Dalla Chiesa: mons. Lorefice (Palermo), “testimone che devono essere rinnovati gli atteggiamenti interiori” con “un totale mutamento di mentalità”

“Il nuovo nella società civile nasce e deflagra lì dove ci sono uomini e donne consapevoli e liberi, come Carlo Alberto Dalla Chiesa, la moglie Emanuela Setti Carraro e l’agente di scorta Domenico Russo. Lì dove i cuori rimangono retti e onesti, lì dove come professionisti e cittadini si rimane fedeli servitori del bene destinato a tutti”. Lo ha affermato l’arcivescovo di Palermo, mons. Corrado Lorefice, durante la messa che ha celebrato in cattedrale, questa mattina, nel 39° anniversario dell’attentato mafioso in cui persero la vita il generale Carlo Alberto Dalla Chiesa, la moglie Emanuela Setti Carraro e l’agente di scorta Domenico Russo.

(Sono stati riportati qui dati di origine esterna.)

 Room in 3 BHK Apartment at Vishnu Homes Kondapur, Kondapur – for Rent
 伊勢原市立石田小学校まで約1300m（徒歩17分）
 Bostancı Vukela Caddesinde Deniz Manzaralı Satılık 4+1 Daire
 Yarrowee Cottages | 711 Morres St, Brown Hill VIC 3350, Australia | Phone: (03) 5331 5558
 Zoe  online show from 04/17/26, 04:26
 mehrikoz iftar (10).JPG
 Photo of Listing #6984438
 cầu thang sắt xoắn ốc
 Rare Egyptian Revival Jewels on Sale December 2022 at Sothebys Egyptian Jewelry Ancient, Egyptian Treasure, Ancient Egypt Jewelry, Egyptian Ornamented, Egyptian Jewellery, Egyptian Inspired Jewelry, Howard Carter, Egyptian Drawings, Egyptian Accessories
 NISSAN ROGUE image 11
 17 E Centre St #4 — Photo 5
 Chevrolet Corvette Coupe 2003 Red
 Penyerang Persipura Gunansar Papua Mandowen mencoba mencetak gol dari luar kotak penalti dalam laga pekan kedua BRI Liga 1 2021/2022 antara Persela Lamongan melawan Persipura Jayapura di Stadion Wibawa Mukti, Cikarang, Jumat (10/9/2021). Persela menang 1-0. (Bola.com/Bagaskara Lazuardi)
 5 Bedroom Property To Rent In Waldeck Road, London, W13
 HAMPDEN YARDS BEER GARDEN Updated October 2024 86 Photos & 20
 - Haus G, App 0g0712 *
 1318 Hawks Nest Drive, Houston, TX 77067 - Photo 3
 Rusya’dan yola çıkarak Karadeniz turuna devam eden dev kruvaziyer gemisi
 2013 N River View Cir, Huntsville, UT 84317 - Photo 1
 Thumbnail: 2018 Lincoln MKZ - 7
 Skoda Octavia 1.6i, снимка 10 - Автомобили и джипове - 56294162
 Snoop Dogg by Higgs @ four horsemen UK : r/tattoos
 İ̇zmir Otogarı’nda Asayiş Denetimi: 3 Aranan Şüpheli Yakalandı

“Ognuno di noi ha il dovere di porre la propria vita al servizio egli altri”, ha ammonito l’arcivescovo, convinto che “questa è la novità che deve sgorgare sempre dalla mente del nostro cuore e che deve alimentare la nostra convivenza umana. Questa novità chiede una prospettiva ‘altra’, regole nuove. Chiede ‘artisti del nuovo’, ‘artigiani di verità’ capaci di cogliere il nuovo”. “Il prefetto Dalla Chiesa – ha sottolineato – ci testimonia che devono essere rinnovati gli atteggiamenti interiori, si tratta di un totale mutamento di mentalità. Di un lavoro culturale”. “L’arma che ha individuato Dalla Chiesa – ha aggiunto – è il cambiamento di mentalità a partire dai servitori delle istituzioni, da ogni cittadino: senso di corresponsabilità per la città degli uomini, integerrima e robusta professionalità, onestà umana ed etica”. “Non si tratta solo di stanare i mafiosi, di combattere direttamente le sempre più camuffate organizzazioni criminali mafiose. Si tratta – ha precisato – di assumere la polarità dell’oggi, del nostro oggi, della responsabilità che esso ci chiede, di starci dentro con una vita divenuta ‘parabola del nuovo’, che custodisca anche il vecchio migliore, autentico e non quello taroccato, venduto impunemente per tale”. Secondo mons. Lorefice, “il problema non è l’assenza di novità, il problema è l’assenza di occhi che la sappiano riconoscere questa novità e la sappiano servire con creativa donazione”.